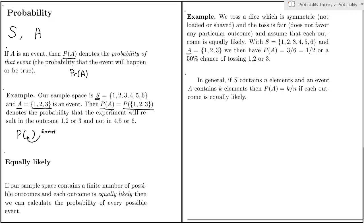This assumption, of course, is crucial. If you toss a loaded die, then the outcomes will not be equally likely, and you cannot calculate the probability of events using this formula K divided by N.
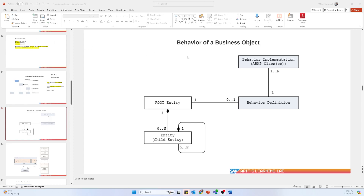Hello and welcome to my channel. In today's video I will talk about the behavior of a business object. In the previous video I already discussed the business object and the different terms, so now let's talk about the behavior. There are two parts: one is the behavior definition and another is the behavior implementation.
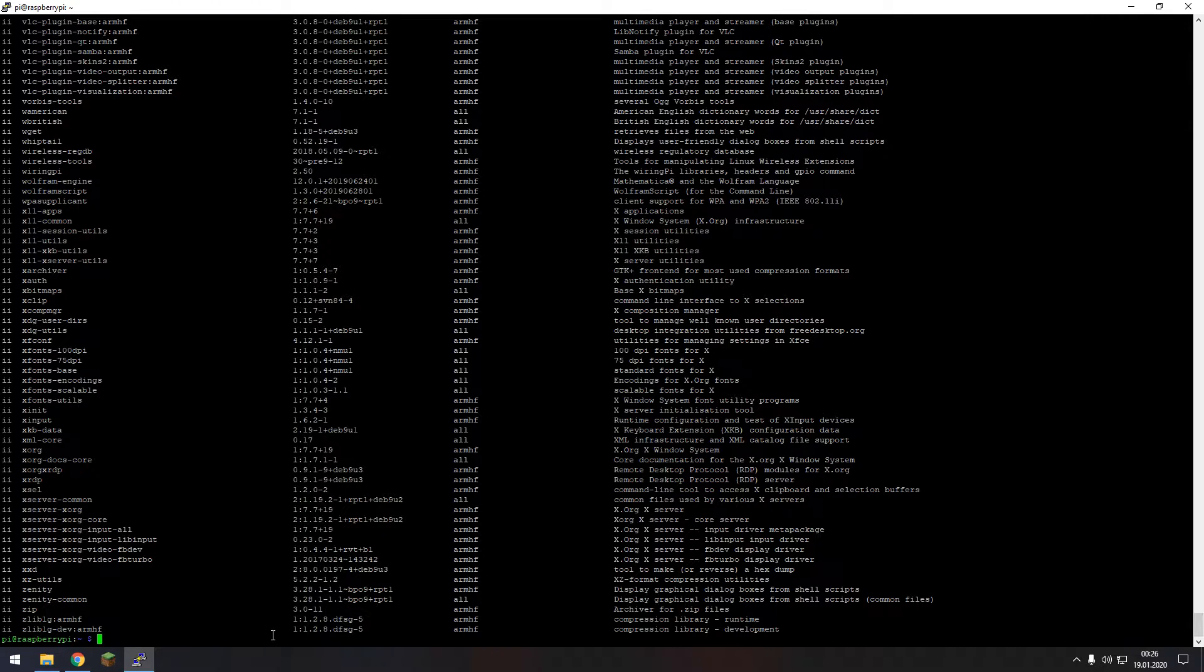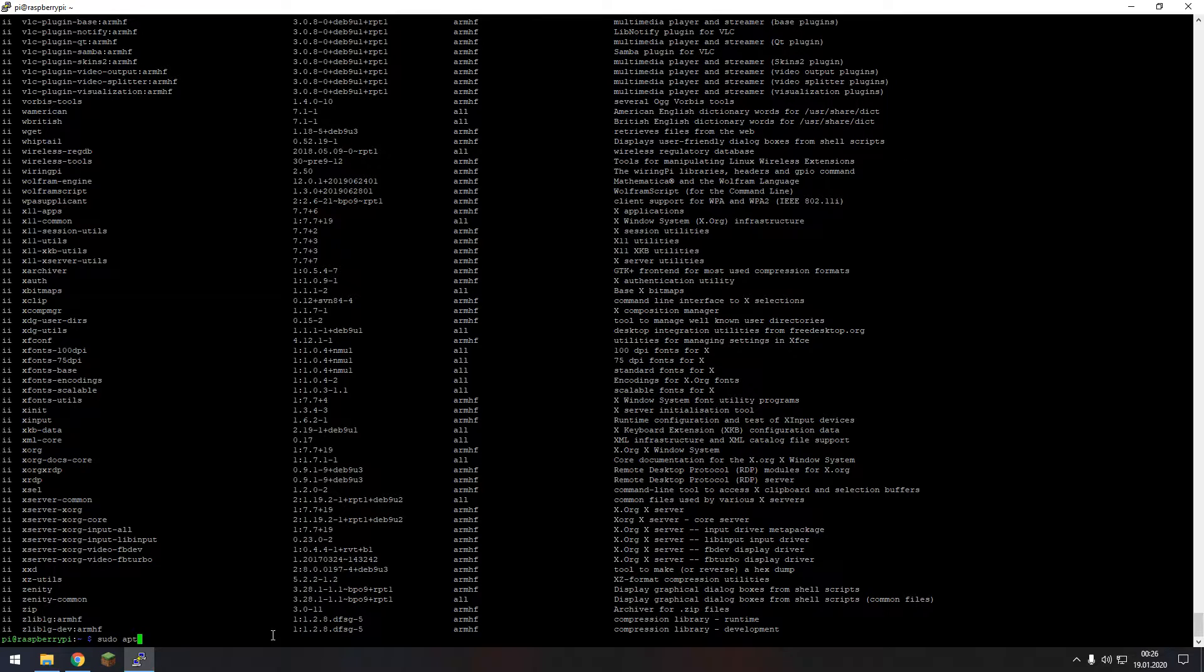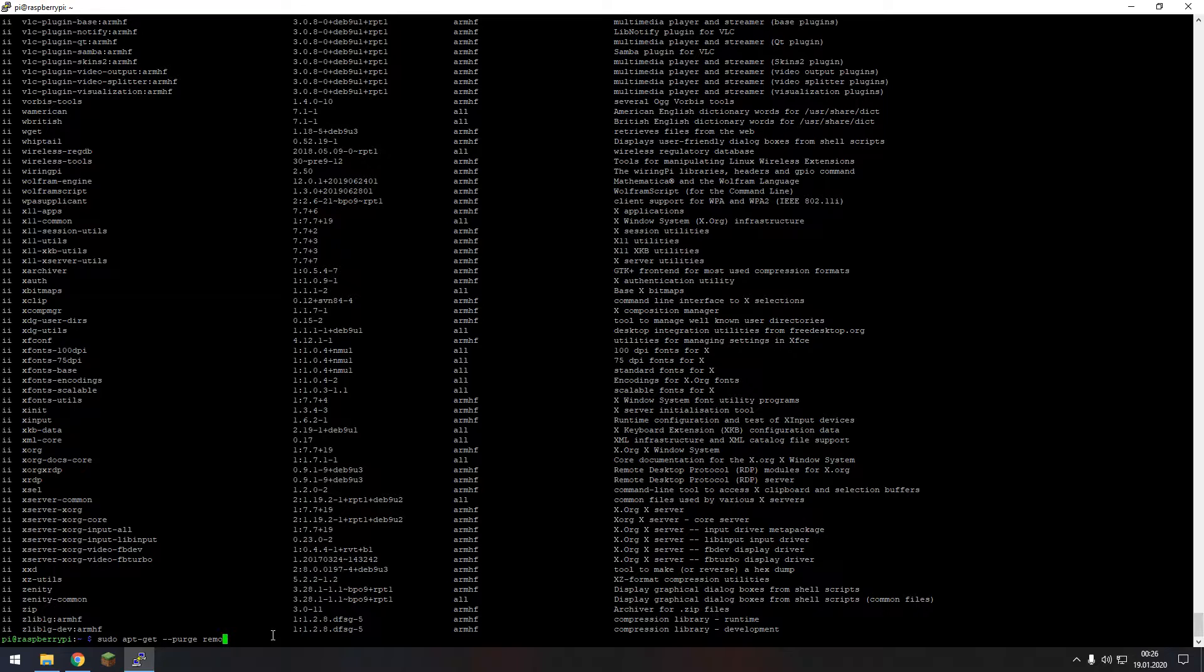You just need to look up for a name and for example in my case I take the program xrdp and to delete that I need to type in sudo apt-get purge remove and then the full name of your program.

→ **Description of the task**
Return all of the data exactly as written, and drop the pictures.

→ **Exercise result**
This assumption, of course, is crucial. If you toss a loaded die, then the outcomes will not be equally likely, and you cannot calculate the probability of events using this formula K divided by N.
Hello and welcome to my channel. In today's video I will talk about the behavior of a business object. In the previous video I already discussed the business object and the different terms, so now let's talk about the behavior. There are two parts: one is the behavior definition and another is the behavior implementation.
You just need to look up for a name and for example in my case I take the program xrdp and to delete that I need to type in sudo apt-get purge remove and then the full name of your program.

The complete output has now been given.